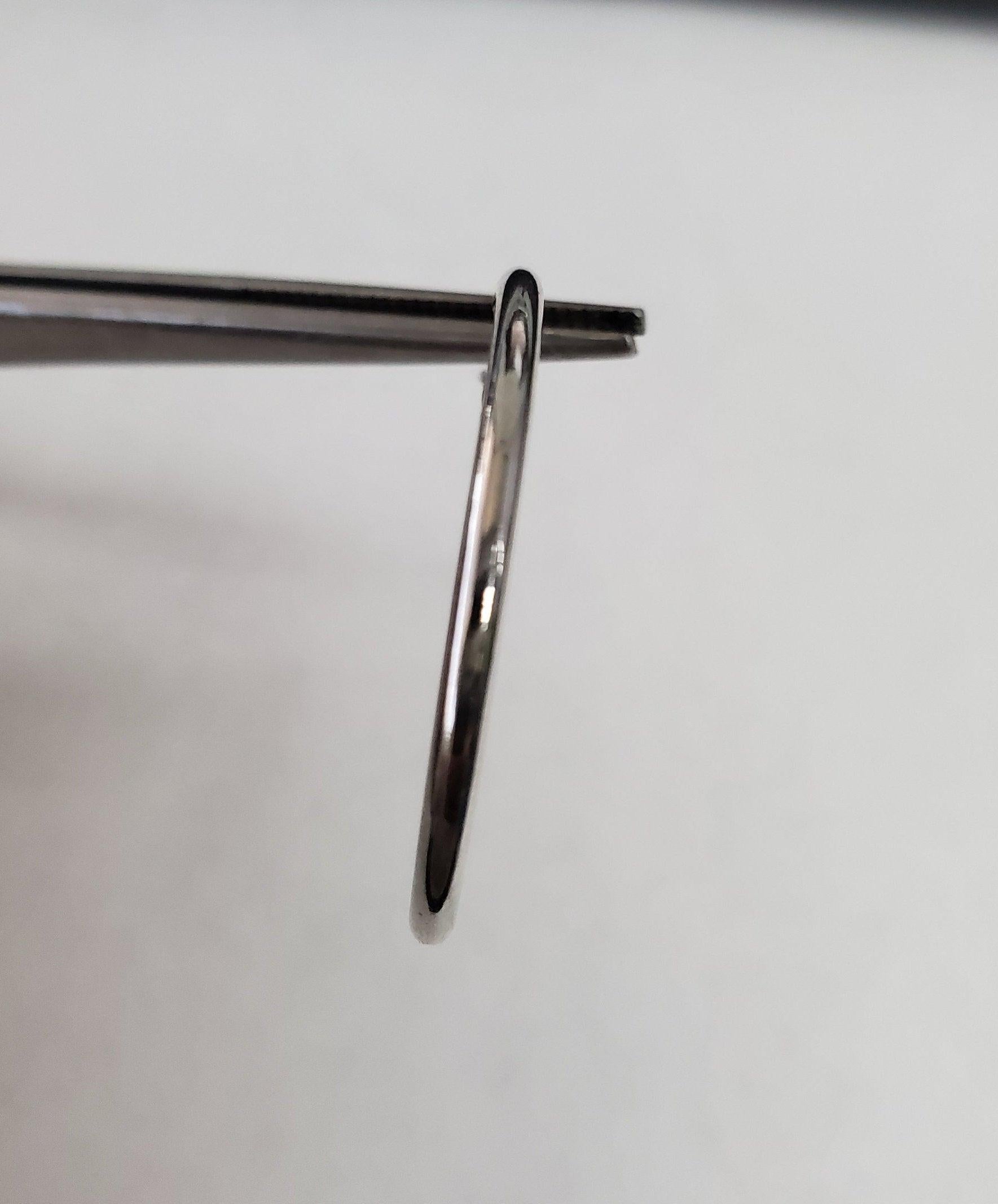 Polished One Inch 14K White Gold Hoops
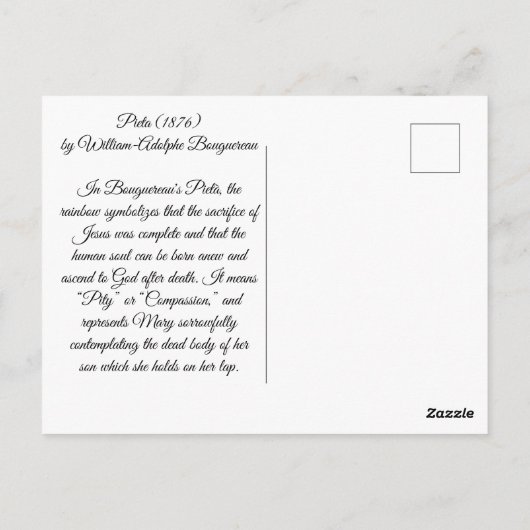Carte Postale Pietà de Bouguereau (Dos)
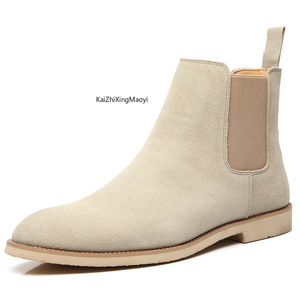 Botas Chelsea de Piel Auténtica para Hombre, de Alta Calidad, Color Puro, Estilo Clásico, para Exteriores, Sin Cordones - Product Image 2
--
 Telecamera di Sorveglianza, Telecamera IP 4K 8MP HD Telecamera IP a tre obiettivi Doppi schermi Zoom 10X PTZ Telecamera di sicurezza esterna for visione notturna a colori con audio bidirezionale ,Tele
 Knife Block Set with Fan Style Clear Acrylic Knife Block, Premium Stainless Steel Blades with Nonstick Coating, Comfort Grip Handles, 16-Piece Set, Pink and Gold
--
## Aim of the exercise
A clean copy is needed of the lines above from the one with "Polished One Inch 14K White Gold Hoops" up to and including the one with "Botas Chelsea de". Please set it down exactly, with no pictures.

## Result
 Polished One Inch 14K White Gold Hoops
Carte Postale Pietà de Bouguereau (Dos)
 Botas Chelsea de Piel Auténtica para Hombre, de Alta Calidad, Color Puro, Estilo Clásico, para Exteriores, Sin Cordones - Product Image 2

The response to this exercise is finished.